Hi! I use the tensorwatch on pytorch 0.4.1 version platform, it shows the error “RuntimeError: torch/csrc/autograd/generated/VariableType.cpp:24095: expand_as: Assertion jit::tracer::ArgumentStash::empty() failed.” Why is there such a mistake? How to slove it ? Thanks!
My code is as follows:
import torch
import torch.nn as nn
import torch.nn.init as init
import torch.nn.functional as F
from torch.nn.functional import interpolate as interpolate
def channel_shuffle(x,groups):
batchsize, num_channels, height, width = x.data.size()
channels_per_group = num_channels // groups
#reshape
x = x.view(batchsize,groups,
channels_per_group,height,width)
x = torch.transpose(x,1,2).contiguous()
#flatten
x = x.view(batchsize,-1,height,width)
return x
class Conv2dBnRelu(nn.Module):
def __init__(self,in_ch,out_ch,kernel_size=3,stride=1,padding=0,dilation=1,bias=True):
super(Conv2dBnRelu,self).__init__()
self.conv = nn.Sequential(
nn.Conv2d(in_ch,out_ch,kernel_size,stride,padding,dilation=dilation,bias=bias),
nn.BatchNorm2d(out_ch, eps=1e-3),
nn.ReLU(inplace=True)
)
def forward(self, x):
return self.conv(x)
##after Concat -> BN, you also can use Dropout like SS_nbt_module may be make a good result!
class DownsamplerBlock (nn.Module):
def __init__(self, in_channel, out_channel):
super().__init__()
self.conv = nn.Conv2d(in_channel, out_channel-in_channel, (3, 3), stride=2, padding=1, bias=True)
self.pool = nn.MaxPool2d(2, stride=2)
self.bn = nn.BatchNorm2d(out_channel, eps=1e-3)
self.relu = nn.ReLU(inplace=True)
def forward(self, input):
output = torch.cat([self.conv(input), self.pool(input)], 1)
output = self.bn(output)
output = self.relu(output)
return output
class SS_nbt_module(nn.Module):
def __init__(self, chann, dropprob, dilated):
super().__init__()
oup_inc = chann//2
#dw
self.conv3x1_1_l = nn.Conv2d(oup_inc, oup_inc, (3,1), stride=1, padding=(1,0), bias=True)

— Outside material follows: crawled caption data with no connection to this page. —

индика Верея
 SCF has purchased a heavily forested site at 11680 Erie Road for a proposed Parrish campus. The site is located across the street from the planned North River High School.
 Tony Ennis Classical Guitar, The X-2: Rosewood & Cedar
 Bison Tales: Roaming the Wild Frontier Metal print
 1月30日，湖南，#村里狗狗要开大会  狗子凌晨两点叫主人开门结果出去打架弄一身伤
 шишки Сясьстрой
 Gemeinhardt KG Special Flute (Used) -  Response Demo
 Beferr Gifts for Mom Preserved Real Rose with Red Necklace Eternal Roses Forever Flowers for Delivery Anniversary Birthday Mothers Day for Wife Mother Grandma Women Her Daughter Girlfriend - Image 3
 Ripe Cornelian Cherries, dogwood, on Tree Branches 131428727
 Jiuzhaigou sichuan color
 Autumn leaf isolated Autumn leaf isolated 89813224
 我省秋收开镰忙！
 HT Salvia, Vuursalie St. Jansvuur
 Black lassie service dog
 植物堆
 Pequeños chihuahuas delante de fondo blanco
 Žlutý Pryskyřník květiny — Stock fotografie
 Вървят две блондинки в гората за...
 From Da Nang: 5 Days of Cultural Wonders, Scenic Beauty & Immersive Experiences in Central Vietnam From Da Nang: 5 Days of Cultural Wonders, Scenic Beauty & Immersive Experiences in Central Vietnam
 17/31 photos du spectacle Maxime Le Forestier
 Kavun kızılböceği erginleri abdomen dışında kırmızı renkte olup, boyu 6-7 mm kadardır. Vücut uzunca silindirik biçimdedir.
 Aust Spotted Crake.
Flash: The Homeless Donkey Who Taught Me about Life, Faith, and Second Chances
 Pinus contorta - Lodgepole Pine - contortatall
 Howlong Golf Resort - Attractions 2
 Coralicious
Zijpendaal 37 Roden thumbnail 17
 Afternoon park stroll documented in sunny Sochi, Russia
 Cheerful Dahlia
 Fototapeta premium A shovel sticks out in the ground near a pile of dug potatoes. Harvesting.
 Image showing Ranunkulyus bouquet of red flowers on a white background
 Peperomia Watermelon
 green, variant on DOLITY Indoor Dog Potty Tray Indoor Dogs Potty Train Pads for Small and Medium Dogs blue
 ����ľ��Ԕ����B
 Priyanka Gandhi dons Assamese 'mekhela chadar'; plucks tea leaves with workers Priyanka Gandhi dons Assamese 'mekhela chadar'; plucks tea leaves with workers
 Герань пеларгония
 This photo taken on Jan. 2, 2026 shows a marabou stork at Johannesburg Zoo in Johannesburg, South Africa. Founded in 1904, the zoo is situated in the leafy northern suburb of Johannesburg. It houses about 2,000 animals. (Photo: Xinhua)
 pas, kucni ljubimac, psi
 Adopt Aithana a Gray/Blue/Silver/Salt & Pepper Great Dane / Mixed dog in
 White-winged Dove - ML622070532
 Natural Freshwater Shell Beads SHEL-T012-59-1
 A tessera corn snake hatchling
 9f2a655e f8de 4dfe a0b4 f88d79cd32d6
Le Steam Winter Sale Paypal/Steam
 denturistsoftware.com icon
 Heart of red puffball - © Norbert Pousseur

self.conv1x3_1_l = nn.Conv2d(oup_inc, oup_inc, (1,3), stride=1, padding=(0,1), bias=True)
self.bn1_l = nn.BatchNorm2d(oup_inc, eps=1e-03)
self.conv3x1_2_l = nn.Conv2d(oup_inc, oup_inc, (3,1), stride=1, padding=(1*dilated,0), bias=True, dilation = (dilated,1))
self.conv1x3_2_l = nn.Conv2d(oup_inc, oup_inc, (1,3), stride=1, padding=(0,1*dilated), bias=True, dilation = (1,dilated))
self.bn2_l = nn.BatchNorm2d(oup_inc, eps=1e-03)
#dw
self.conv3x1_1_r = nn.Conv2d(oup_inc, oup_inc, (3,1), stride=1, padding=(1,0), bias=True)
self.conv1x3_1_r = nn.Conv2d(oup_inc, oup_inc, (1,3), stride=1, padding=(0,1), bias=True)
self.bn1_r = nn.BatchNorm2d(oup_inc, eps=1e-03)
self.conv3x1_2_r = nn.Conv2d(oup_inc, oup_inc, (3,1), stride=1, padding=(1*dilated,0), bias=True, dilation = (dilated,1))
self.conv1x3_2_r = nn.Conv2d(oup_inc, oup_inc, (1,3), stride=1, padding=(0,1*dilated), bias=True, dilation = (1,dilated))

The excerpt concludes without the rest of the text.